2 - Mas, no corpo das empresas existe um obstáculo sério, um obstáculo grave: a governança corporativa. Assim, a forma atual de organização das corporações é que é o problema. Por quê? Porque como o André e eu temos salientado desde 2003, a governança corporativa é a maneira que as finanças encontraram para se infiltrarem na área produtiva e financeirizarem todo o setor produtivo. Ou seja, a empresa produtiva é na verdade além de um ativo financeiro, via ações, uma fábrica de produção não de lucros, mas de dividendos, sob a inspiração do famoso ROE (Return On Equity), a prioridade do valor acionário. Este império da geração de resultados monetários para valorizar as ações, inclusive por meio de aplicações financeiras, de empréstimos bancários para a compra das suas próprias, acaba como acabou, por levar a firma produtiva a um endividamento cruel, que termina por ser aprisionada na secura do crédito. Ou seja, sem a mudança das regras e da política da governança corporativa – que, ainda por cima, constrói uma divisão mortal para o funcionamento da empresa entre os proprietários das ações e os dirigentes do capital em funções – não há bailout possível. Porque, vejam, aqui temos duas contradições: uma a da transformação da empresa produtiva em empresa financeirizada; e outra, a da divisão que atinge tanto as finanças como a produção, de uma sociedade acionária onde o proprietário do capital não é o condutor do capital. E que numa sociedade moderna, o condutor dele, isto é, os executivos têm o domínio da situação e da empresa e, é espantoso, de uma participação positiva nos seus resultados, mesmo quando estes são negativos.

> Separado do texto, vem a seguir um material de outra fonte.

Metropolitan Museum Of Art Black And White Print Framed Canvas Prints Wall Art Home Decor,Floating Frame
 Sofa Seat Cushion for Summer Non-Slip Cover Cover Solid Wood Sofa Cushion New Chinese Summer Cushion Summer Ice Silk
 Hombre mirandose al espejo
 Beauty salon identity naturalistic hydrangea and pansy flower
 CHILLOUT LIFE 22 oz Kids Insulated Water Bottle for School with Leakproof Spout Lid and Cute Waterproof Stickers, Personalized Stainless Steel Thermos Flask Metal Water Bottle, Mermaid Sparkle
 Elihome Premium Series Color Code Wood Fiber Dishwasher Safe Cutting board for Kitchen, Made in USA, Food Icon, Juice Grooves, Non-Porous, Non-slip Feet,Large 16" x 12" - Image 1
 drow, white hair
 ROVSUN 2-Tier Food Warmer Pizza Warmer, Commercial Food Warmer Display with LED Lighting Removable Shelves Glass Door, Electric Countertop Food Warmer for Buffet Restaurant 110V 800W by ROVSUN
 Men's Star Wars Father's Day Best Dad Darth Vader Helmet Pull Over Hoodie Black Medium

3 - Vimos na crise da Nasdaq, na crise das empresas ponto com, na crise da e-economy, na crise de 2001, como na crise do sistema financeiro nacional e mundial de 2007, a forma como houve a quebra, a falência, a bancarrota, a profunda crise da corporação. Crise que ocorreu sem que os executivos perdessem não só a suas remunerações como os seus bônus. De outro lado, dada as formas acionárias vigentes, os shareholders, os acionistas, não têm poder para alterar a conduta destes dirigentes, seja através dos conselhos deliberativos, seja por meio de auditorias, seja por intermédios de consultores, seja inclusive pela introdução de representantes dos acionistas na dinâmica das atividades, seja por conseqüência de um efetivo aumento de controle, etc. Nada deu certo, porque quem dirige tem o poder imediato das corporações. E como são estes os operadores efetivos, mesmo na crise, eles tiveram sucesso nas suas carreiras. Dizendo com rima pobre: tiveram o bônus e não arcaram com o ônus. O que dá para ver que estes, os executivos, são os integrantes da verdadeira fração de classe que dirige a classe dos financistas, a aristocracia do capital.

A eutanásia das finanças

1
- Na esteira de nossas considerações, a primeira proposta seria que as Finanças recuassem diante da tentativa de recuperação de sua situação anterior. E abandonassem o pensamento de retomarem a dinâmica econômica centrada na economia financeira. E que, politicamente propusessem, estando ainda na direção política do Estado, uma transformação da atual política econômica. O propósito central: um plano de estímulo fiscal amplo, audacioso, mais sólido, robusto para a esfera econômica. Seria a clara percepção de que a tarefa indispensável para a expansão da sociedade é a recuperação do investimento e do emprego.

2 - Para isso, teriam que alterar o papel do Estado. E fazer com que os recursos financeiros deste, sua capacidade de endividamento, sua capacidade de liderança fosse retomada, em benefício da produção, como nos anos trinta. Desta forma, só assim a alavanca de Arquimedes do Estado estaria catapultando um novo mundo. Obviamente, as finanças teriam que passar forçosa e até forçadamente a definir o movimento do crédito na direção da produção. Mas, na competição presente dos mercados financeiros, impossível. Sem uma alteração da relação atual entre a taxa de lucro esperada e a taxa de juros, a alavanca nem sairia do sono. E só, sob a intervenção do Estado, seria possível bloquear a tendência atual do desequilíbrio desta relação permanentemente em favor da taxa de juros. Dito de outra forma e secamente: vamos parar de favorecer a renda financeira. Chegamos a um pensamento cínico: seria até uma forma de forçar o capital financeiro a pensar que a órbita produtiva traria, no futuro, a salvação de novas especulações. Como isso não é uma proposta de solução imediata e que permita o retorno da volúpia dos mercados financeiros, não há pensamento viável para atender esta proposta.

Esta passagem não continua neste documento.